What is needed:
Please transcribe, word for word, only the lines from the one containing "Item preview, Lurewalker" through the last line of the records below, both included, and leave out every picture.

Given data:
━━━━━━━━

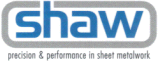 Shaw Sheet Metal - case study -Gideon Hillman Consulting UK
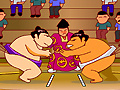 Spiel Sumo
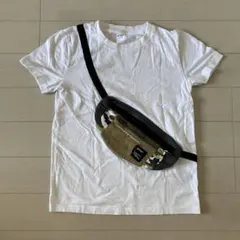 NEXT キッズ Tシャツ 140cm ホワイト
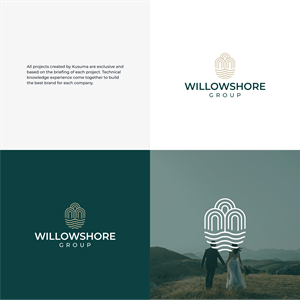 Logo Design by Kusuma Studio for this project | Design: #35685753
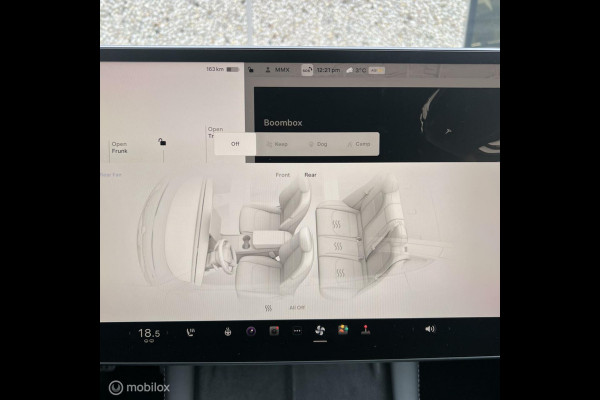 Tesla Model 3 SR+ MiUS MMX PACK 325pk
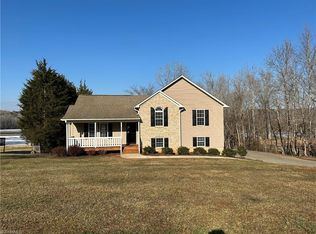 578 Spartan Dr, Lexington, NC 27292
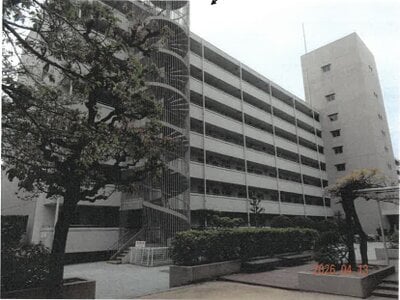 大阪府大阪市住之江区 住之江公園駅7分 マンション「新北島コーポ」1,194万円の競売物件情報 #1
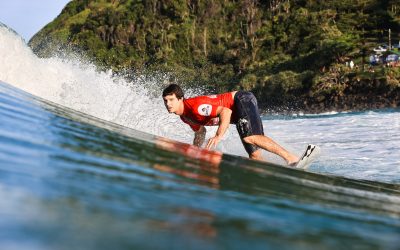 Surfing Queensland Unveils 2023 Event Calendar with Gold Coast Open Set to Kick Off the Competition Season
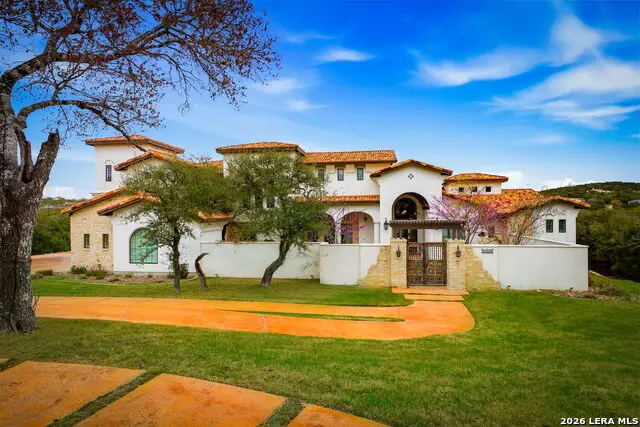 11418 Anaqua Springs, Boerne, TX 78006 - #1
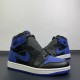 Air Jordan 1 retro royal blue  2026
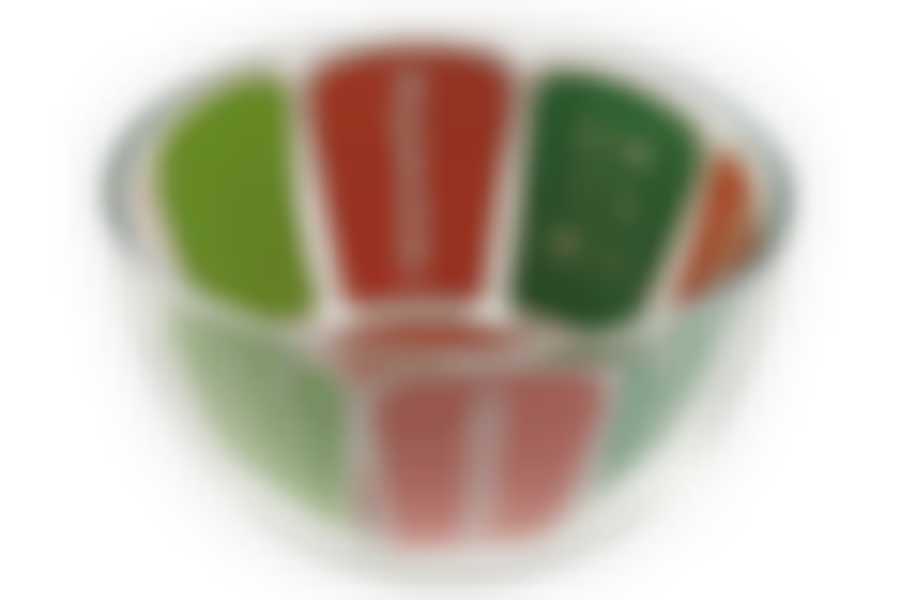 Миска 0,45л ТМ Appetite, MB22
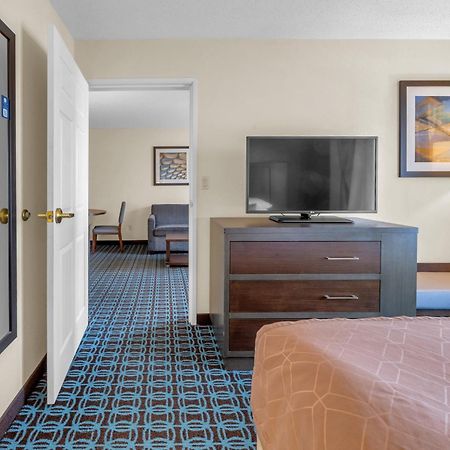 Wingate By Wyndham Chicago Schaumburg Hotel Cameră foto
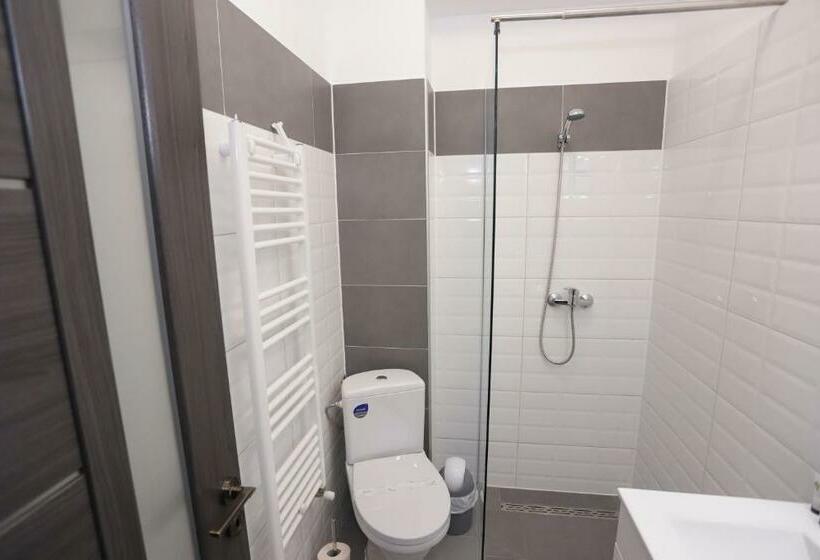 Central View Craiova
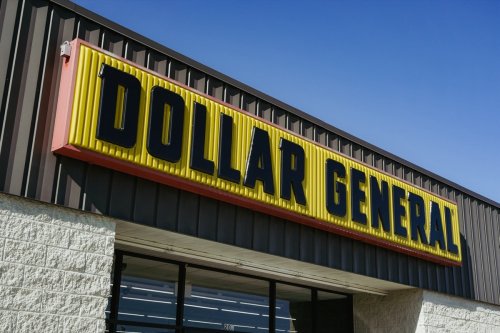 Shoppers Are Abandoning Dollar General and Family Dollar—Here's Why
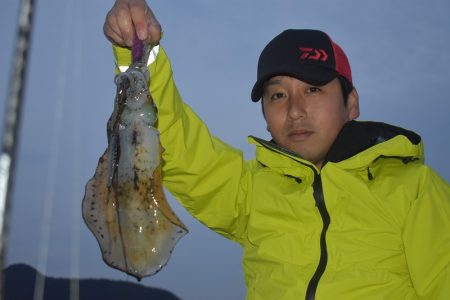 Fisherman Dreams DI 釣果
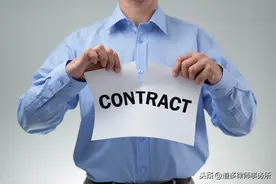 加盟服装品牌被坑合同难解除，律师以披露义务为切入点，成功维权图片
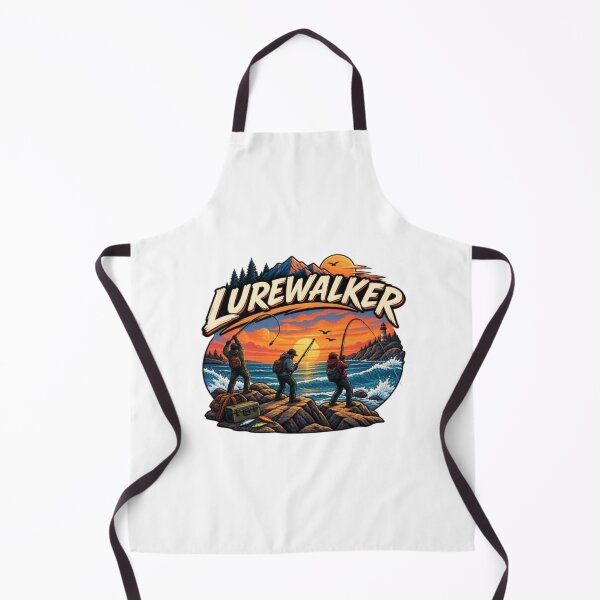 Item preview, Lurewalker designed and sold by TATOXIDE.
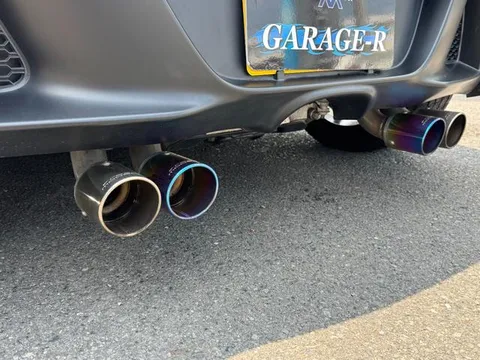 Honda S660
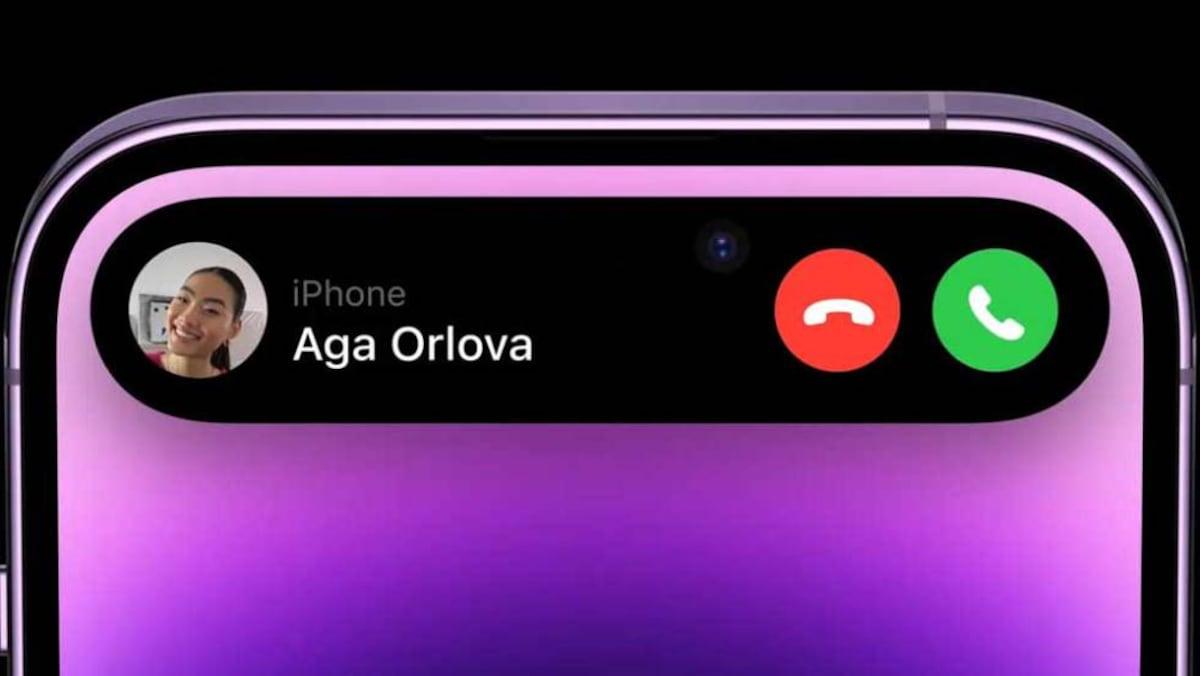 IPhone 18 Pro izvēlētos mazāku un mazāk uzmācīgu Dynamic Island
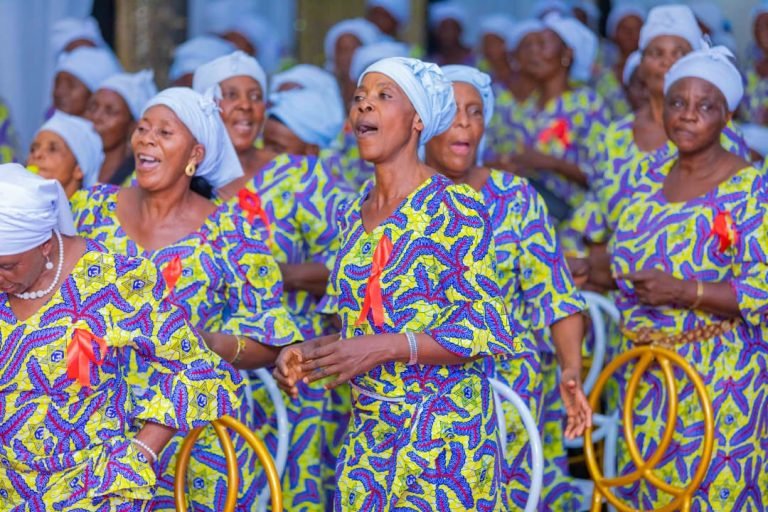 Autres moments — Fondation Calixte Munana, 2025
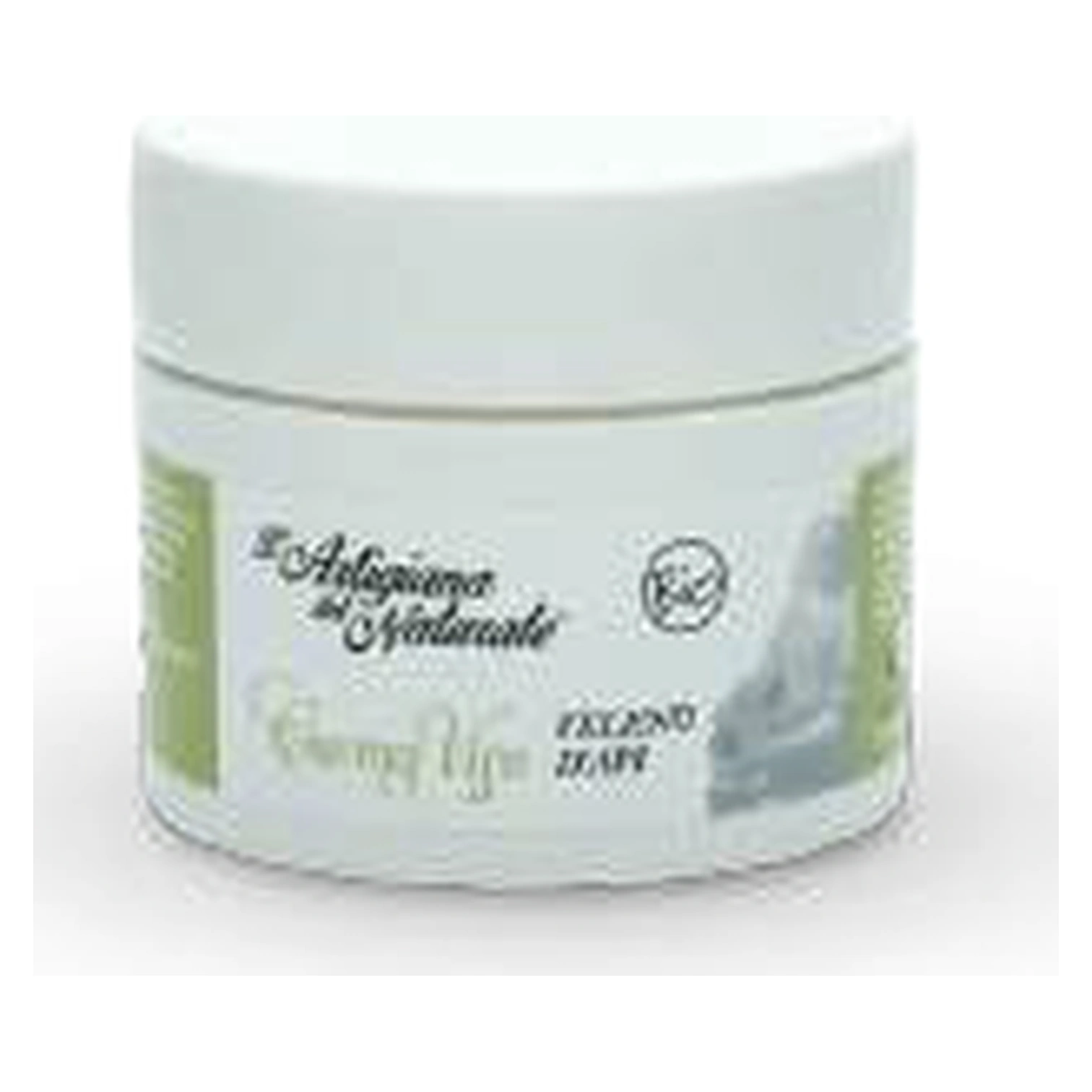 Crema Viso al Veleno d'Api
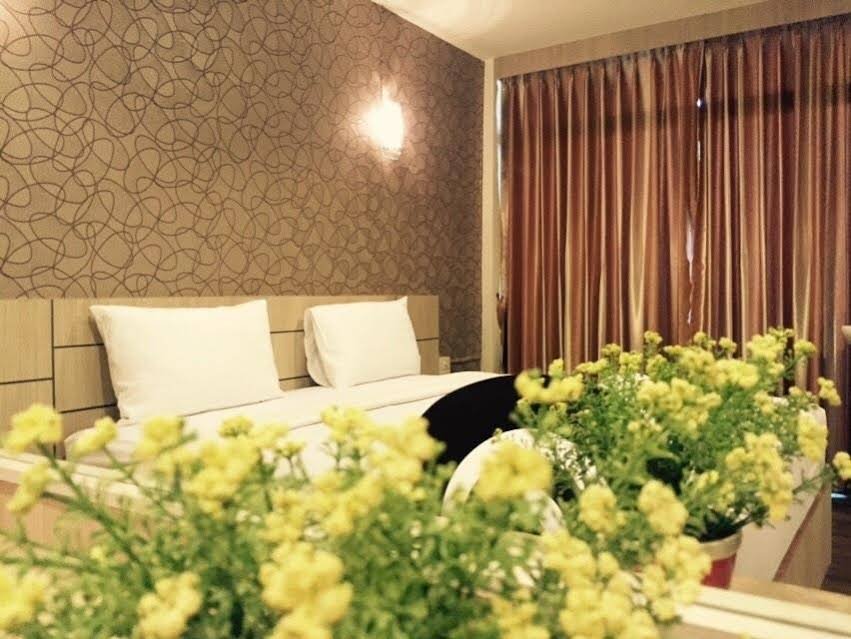 Фото P'Residence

━━━━━━━━

Solution to the problem:
 Item preview, Lurewalker designed and sold by TATOXIDE.
 Honda S660
 IPhone 18 Pro izvēlētos mazāku un mazāk uzmācīgu Dynamic Island
 Autres moments — Fondation Calixte Munana, 2025
 Crema Viso al Veleno d'Api
 Фото P'Residence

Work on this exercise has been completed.